La pittoresca combinazione tra sonorità
psichedeliche olandesi e ritmi
funkeggianti mediorientali, unita alla folcloristica fermezza di scrivere e cantare i testi delle canzoni in turco, ha sempre caratterizzato (e intrigato) la proposta degli Altin Gün, formazione con sede ad Amsterdam, costituita da ex-membri del giro di
Jacco Gardner e alcuni artisti provenienti dalla scena
psych delle antiche terre ottomane.
“Yol” è il titolo del terzo album che segue l’ottima prestazione esibita in “
Gece” (2019), ed è subito evidente la profonda trasformazione stilistica che Verhulst, Ecevit e soci hanno deciso di apportare al caratteristico
sound, in passato arrivato a guadagnare una
nomination ai Grammy Awards.
I suoni funk psichedelici sono stati avvolti da impreviste sequenze
new wave; l’uso massiccio di sintetizzatori,
drum machine ed effetti sonori
whoosh, all’interno di strutture che conservano l’accattivante fascino proveniente dalle lande bizantine, sulla carta potrebbe rivelarsi un azzardo. Gli Altin Gün miscelano alla perfezione tutte queste commistioni con grande maestria, senza mai eccedere in preziosismi inutili e colorando di vesti imprevedibili melodie che assumono inaspettata efficacia.

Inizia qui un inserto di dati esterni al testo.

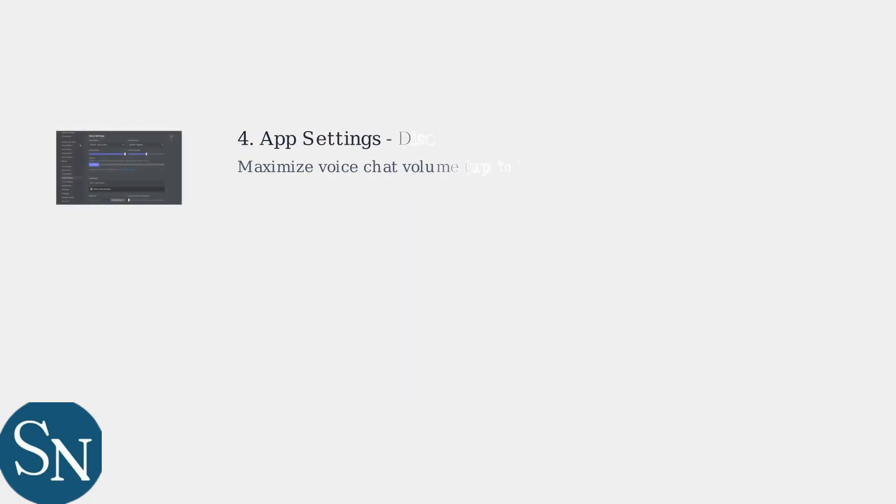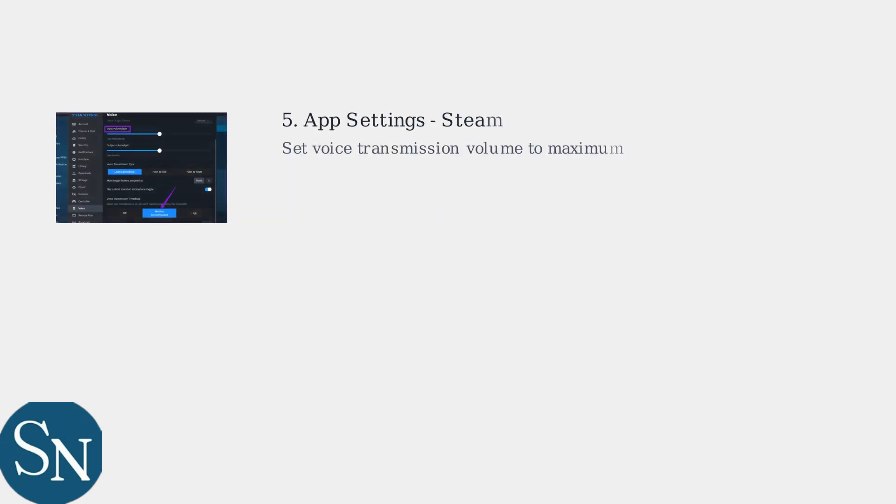In applications like Discord, independently maximize the voice chat volume settings, sometimes up to 200%. In Steam, set the voice transmission volume to maximum for clear audio.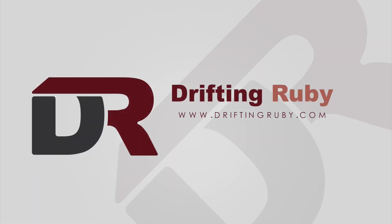To watch this full episode and more videos, visit DriftingRuby.com and subscribe to the Pro membership.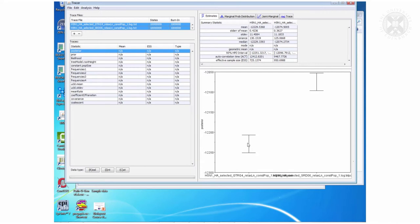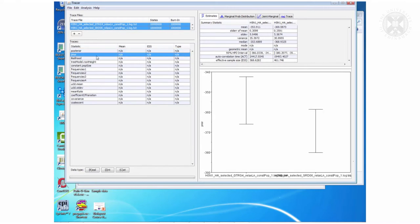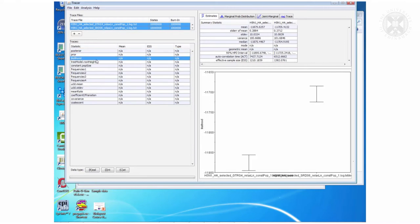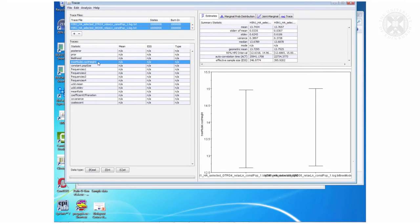So this is the first file the GTR this is the second one the SRD06 comparing the posteriors the priors the likelihoods but then when you look at the root height actually if you look carefully mostly these are about the same.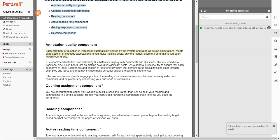As a general guideline, try to ensure that each post has at least four sentences and contains at least one key point that demonstrates critical thinking skills through examples and ideas that may include personal or professional experiences.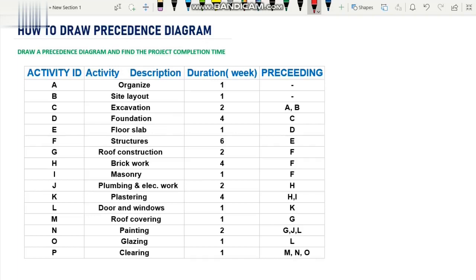Hello everyone. In this video we are going to discuss how to draw a precedence diagram. At the end of this video you should be able to understand and draw a precedence diagram. A precedence diagram is basically a tool a construction manager or project manager would use to schedule activities in a project plan. A construction manager can use either the precedence diagram, which can also be called activities on node, or they can use activities on arrow.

L’album si apre con una sequenza di brani di assoluto rilievo. Dopo una breve introduzione, si salta direttamente nella new wave con "Ordunun Dereleri", che trascorre il suo primo minuto con il synth attanagliato a una drum machine, per poi sfociare su tramonti arabeggianti, enunciati dalla voce pulita di Erdinc Yildiz Ecevit, mentre la traccia successiva, "Bulunur Mu", padroneggia un sintetico ritmo pop digitale, sorretto da un riff di chitarra di chiara ispirazione surf-rock e dalla voce staccata di Merve Daşdemir.
In "Hey Nari" si ritorna con grande verve alle classiche atmosfere apprezzate nei dischi precedenti: percussioni funk, un basso rimbalzante e assoli lisergici di chitarra riportano alle ambientazioni di “Gece”, anche se i sintetizzatori fanno brillantemente capolino qua e là, piegandosi però verso uno stile dai lineamenti
yacht-rock. Ma è solo un piccolo inciso, perché in “Yüce Dağ Başında” ci si rituffa negli Ottanta, con un taglio trascinante dal vago eco
Human League, sorretto dalla sempre possente linea di basso dell’ottimo Verhulst.

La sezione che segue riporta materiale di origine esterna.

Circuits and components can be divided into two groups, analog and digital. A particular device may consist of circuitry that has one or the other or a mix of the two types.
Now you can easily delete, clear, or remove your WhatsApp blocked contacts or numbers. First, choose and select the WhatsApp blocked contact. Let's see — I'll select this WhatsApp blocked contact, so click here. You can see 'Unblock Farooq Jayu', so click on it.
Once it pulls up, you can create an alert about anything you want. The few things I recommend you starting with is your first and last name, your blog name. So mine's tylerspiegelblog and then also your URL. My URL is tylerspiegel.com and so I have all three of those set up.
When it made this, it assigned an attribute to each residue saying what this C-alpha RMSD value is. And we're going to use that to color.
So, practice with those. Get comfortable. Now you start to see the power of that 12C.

I groove psichedelici si fanno strada in “Kesik Çayir”, con coda strumentale ragguardevole e sempre più a proprio agio nelle inserzioni di nuovi contesti eighties, per poi aprire la scena alle note di basso funky che si insinuano in “Kara Toprak”, con serpeggianti accordi di chitarra anni 60, a loro molto cari.
"Sevda Olmasaydi" manipola nuovamente tinte psichedeliche con inserti di saz - liuto a manico lungo chiamato anche chitarra saracena - sintetizzatori e persino un theremin.
“Yekte”, “Esmerim Güzelim” e “Maçka Yolları” accompagnano al termine dell’album, cementando l’impressionante evoluzione che ha portato il gruppo a incorporare, con estrema perizia, ulteriori generi musicali agli abili accostamenti utilizzati fin dagli esordi.
Una scommessa vinta, quella degli Altin Gün. L’inserimento di venature new wave e la fusione delle stesse con le loro complesse e tipiche trame poteva rischiare di stravolgere l’approccio che li aveva contraddistinti e portati a ottenere meritate attenzioni; averle dosate con grande specificità e inserite dove opportuno resta il traguardo più riuscito, sintomo di una band in grande salute e con idee chiare su come valorizzare, anche in futuro, il proprio progetto artistico.